Crawled caption data:

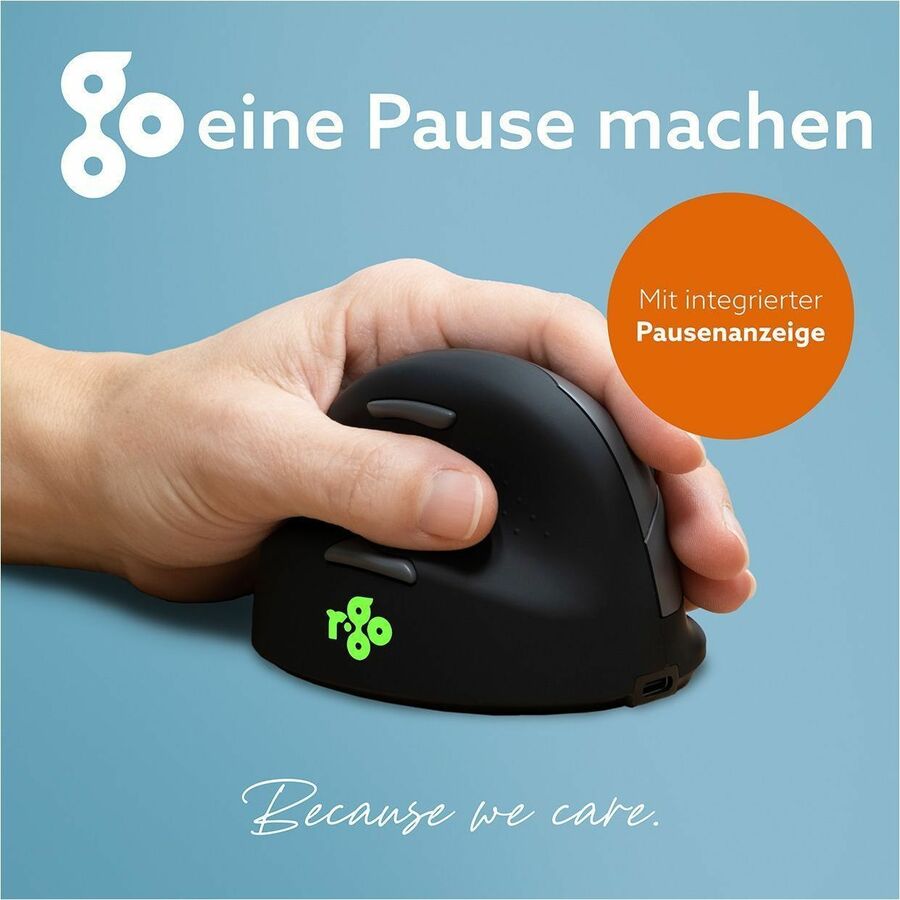 R-Go ergonomic mouse, HE Break RGOHELELAWL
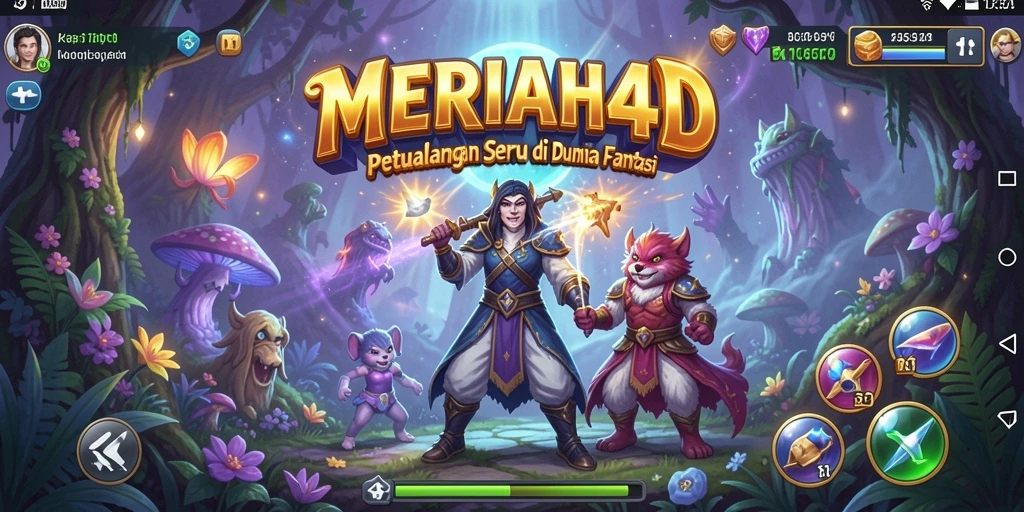 Tampilan gameplay MERIAH4D yang menampilkan aksi petualangan seru.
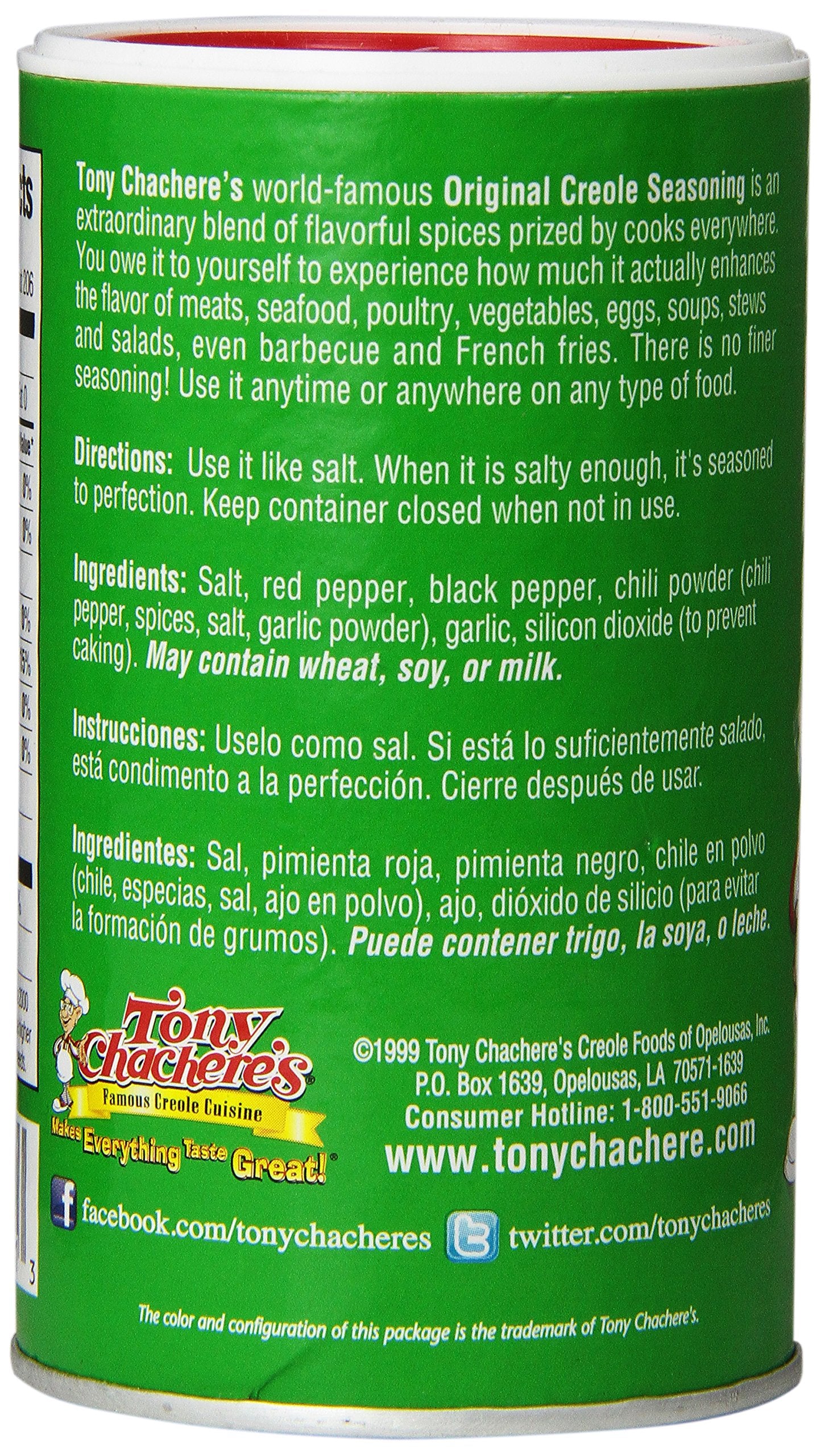 Tony Chachere'S Creole Seasoning - 6 Pack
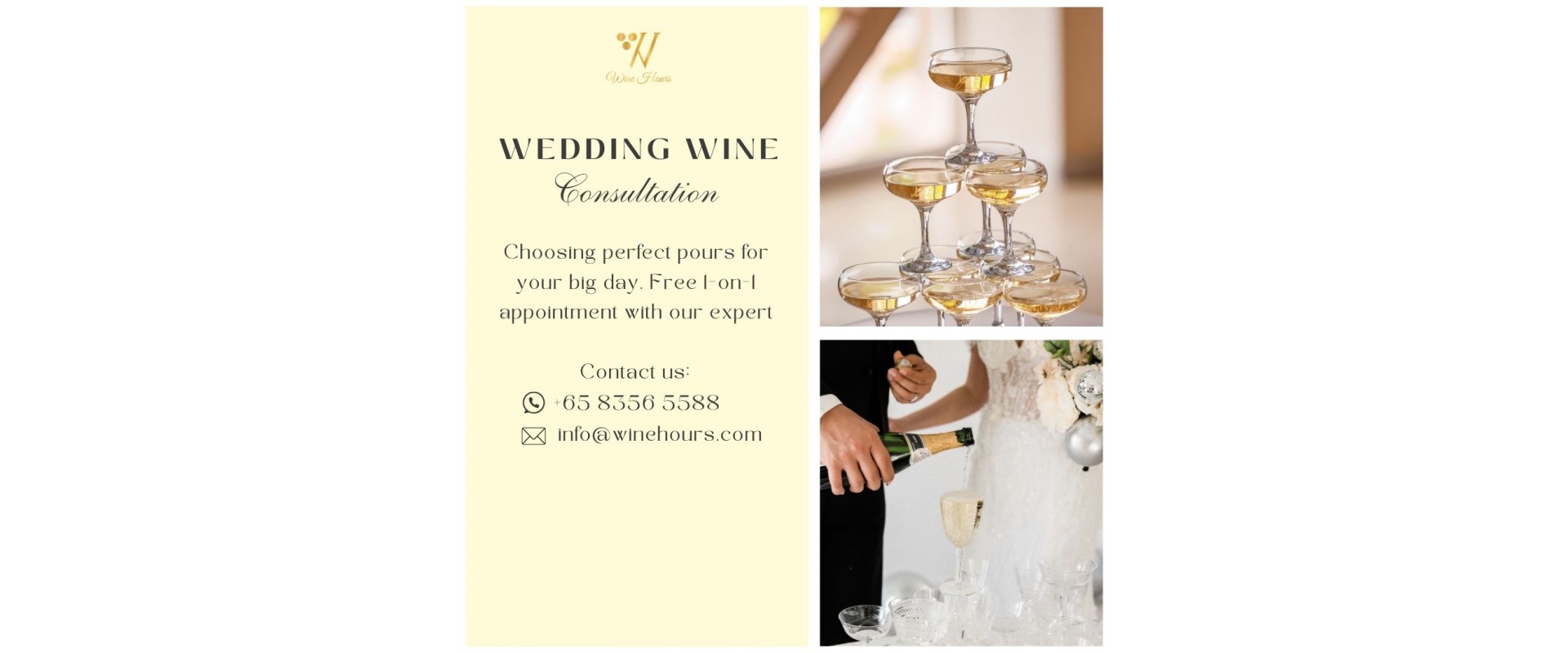 Wedding Service: One-on-One Consultations for Wedding Couples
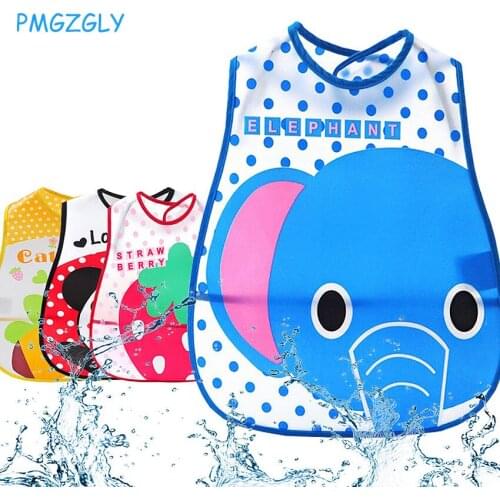 Bibs Burp Cloths For Children Self Feeding Care Baby bibs EVA Waterproof Baby Bibs Lunch Bibs Boys Girls Infants Cartoon Pattern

TASK OBJECTIVE:
Copy the entries exactly. Leave the pictures out.

EXERCISE RESPONSE:
 R-Go ergonomic mouse, HE Break RGOHELELAWL
 Tampilan gameplay MERIAH4D yang menampilkan aksi petualangan seru.
 Tony Chachere'S Creole Seasoning - 6 Pack
 Wedding Service: One-on-One Consultations for Wedding Couples
 Bibs Burp Cloths For Children Self Feeding Care Baby bibs EVA Waterproof Baby Bibs Lunch Bibs Boys Girls Infants Cartoon Pattern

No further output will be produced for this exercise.